◆ **Problem to work on**:
Starting with the line that contains "Race auto's 7cm 5 stuks in doos - 3 assorti" and stopping after the line that contains "10 pack : bikes", return each line below exactly as written, with no others.

◆ **Records shown**:
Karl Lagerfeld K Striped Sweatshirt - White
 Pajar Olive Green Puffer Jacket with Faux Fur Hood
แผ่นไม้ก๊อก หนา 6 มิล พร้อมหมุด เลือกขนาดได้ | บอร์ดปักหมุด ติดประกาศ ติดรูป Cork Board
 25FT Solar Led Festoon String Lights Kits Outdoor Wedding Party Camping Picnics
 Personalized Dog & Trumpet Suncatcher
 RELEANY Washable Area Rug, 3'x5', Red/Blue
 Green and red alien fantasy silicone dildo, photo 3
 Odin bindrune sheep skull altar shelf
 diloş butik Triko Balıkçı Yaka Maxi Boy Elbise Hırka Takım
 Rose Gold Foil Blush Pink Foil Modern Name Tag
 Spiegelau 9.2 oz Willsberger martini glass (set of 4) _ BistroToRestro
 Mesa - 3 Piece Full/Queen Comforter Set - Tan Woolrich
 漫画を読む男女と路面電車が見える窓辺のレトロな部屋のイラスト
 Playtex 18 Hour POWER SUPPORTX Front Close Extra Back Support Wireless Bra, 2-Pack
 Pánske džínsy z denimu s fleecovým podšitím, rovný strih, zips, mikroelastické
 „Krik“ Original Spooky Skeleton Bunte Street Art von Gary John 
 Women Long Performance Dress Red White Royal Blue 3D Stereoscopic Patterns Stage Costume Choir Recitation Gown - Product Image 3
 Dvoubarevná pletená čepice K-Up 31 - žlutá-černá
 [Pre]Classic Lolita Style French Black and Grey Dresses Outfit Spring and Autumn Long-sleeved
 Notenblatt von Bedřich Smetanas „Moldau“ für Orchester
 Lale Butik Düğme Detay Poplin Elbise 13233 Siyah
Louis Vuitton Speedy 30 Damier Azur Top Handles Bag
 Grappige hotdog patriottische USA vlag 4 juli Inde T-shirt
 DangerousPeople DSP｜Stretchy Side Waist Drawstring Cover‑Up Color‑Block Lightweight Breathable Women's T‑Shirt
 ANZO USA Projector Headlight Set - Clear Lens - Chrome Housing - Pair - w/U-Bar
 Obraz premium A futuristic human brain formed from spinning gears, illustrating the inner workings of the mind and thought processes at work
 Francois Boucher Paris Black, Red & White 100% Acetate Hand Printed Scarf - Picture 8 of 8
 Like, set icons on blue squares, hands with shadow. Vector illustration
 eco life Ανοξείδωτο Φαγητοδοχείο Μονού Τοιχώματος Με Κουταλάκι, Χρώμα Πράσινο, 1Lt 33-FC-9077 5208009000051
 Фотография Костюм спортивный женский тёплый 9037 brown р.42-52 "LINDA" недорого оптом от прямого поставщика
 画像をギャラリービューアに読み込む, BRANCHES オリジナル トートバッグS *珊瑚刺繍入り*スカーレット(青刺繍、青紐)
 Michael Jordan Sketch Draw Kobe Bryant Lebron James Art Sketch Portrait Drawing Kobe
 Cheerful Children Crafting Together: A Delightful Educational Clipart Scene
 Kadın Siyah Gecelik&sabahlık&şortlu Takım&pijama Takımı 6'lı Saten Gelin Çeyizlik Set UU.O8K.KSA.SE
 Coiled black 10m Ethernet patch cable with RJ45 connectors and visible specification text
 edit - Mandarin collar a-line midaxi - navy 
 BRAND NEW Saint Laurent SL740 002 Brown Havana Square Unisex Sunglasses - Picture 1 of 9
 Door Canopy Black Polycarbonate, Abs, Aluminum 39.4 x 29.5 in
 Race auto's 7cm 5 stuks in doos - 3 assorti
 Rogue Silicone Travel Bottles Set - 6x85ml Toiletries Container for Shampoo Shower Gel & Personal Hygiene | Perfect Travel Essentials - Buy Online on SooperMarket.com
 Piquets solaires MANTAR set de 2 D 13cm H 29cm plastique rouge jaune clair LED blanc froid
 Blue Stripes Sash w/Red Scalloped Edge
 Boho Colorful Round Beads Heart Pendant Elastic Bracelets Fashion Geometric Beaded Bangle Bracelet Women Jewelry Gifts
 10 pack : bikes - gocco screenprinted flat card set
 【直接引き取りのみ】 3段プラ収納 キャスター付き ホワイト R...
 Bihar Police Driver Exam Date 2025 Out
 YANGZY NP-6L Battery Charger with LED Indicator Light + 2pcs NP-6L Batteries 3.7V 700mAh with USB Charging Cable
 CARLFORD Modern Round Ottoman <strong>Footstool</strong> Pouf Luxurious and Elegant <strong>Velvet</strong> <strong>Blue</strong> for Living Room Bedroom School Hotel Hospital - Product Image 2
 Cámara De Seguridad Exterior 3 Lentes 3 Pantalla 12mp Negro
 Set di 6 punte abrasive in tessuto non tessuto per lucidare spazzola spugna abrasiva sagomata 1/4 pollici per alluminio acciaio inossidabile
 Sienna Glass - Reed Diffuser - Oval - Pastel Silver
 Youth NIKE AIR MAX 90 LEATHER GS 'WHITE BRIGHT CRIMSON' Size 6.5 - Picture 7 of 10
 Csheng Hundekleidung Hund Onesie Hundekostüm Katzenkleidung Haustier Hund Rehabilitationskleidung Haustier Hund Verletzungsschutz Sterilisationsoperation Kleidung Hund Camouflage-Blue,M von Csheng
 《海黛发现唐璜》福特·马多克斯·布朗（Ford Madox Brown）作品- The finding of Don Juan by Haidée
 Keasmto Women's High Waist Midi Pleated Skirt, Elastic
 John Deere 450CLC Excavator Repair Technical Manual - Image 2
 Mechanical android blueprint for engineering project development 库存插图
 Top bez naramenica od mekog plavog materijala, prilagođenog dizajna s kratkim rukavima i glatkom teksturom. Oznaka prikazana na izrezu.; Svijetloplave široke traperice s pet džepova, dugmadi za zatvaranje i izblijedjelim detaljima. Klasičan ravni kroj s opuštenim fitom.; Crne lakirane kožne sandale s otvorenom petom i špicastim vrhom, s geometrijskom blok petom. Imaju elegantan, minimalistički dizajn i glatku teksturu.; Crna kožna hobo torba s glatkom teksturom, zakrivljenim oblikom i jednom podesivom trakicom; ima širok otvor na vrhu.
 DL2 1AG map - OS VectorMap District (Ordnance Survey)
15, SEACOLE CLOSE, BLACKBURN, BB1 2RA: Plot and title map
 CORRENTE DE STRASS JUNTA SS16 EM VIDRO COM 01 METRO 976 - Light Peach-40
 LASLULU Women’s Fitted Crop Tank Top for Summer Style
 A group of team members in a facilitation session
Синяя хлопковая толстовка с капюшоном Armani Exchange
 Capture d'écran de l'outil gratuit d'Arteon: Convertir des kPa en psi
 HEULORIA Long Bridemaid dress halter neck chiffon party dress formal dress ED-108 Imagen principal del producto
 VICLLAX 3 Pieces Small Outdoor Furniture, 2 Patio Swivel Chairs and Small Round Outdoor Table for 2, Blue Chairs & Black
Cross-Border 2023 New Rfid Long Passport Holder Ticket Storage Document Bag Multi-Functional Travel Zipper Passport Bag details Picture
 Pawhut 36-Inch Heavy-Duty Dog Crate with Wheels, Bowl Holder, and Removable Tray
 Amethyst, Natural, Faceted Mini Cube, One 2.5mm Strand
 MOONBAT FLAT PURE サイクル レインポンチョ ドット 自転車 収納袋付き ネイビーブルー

◆ **Output for this exercise**:
 Race auto's 7cm 5 stuks in doos - 3 assorti
 Rogue Silicone Travel Bottles Set - 6x85ml Toiletries Container for Shampoo Shower Gel & Personal Hygiene | Perfect Travel Essentials - Buy Online on SooperMarket.com
 Piquets solaires MANTAR set de 2 D 13cm H 29cm plastique rouge jaune clair LED blanc froid
 Blue Stripes Sash w/Red Scalloped Edge
 Boho Colorful Round Beads Heart Pendant Elastic Bracelets Fashion Geometric Beaded Bangle Bracelet Women Jewelry Gifts
 10 pack : bikes - gocco screenprinted flat card set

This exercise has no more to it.